# PROBLEM
Your answer must be one number: the count of lines below that include "Engagement".

Short descriptive text snippets:
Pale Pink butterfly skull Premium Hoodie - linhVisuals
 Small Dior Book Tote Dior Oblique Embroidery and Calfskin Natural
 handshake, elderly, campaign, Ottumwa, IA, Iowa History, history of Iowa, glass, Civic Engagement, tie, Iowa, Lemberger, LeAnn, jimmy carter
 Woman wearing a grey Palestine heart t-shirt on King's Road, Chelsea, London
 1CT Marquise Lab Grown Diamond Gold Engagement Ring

# RESPONSE TO THIS TASK
2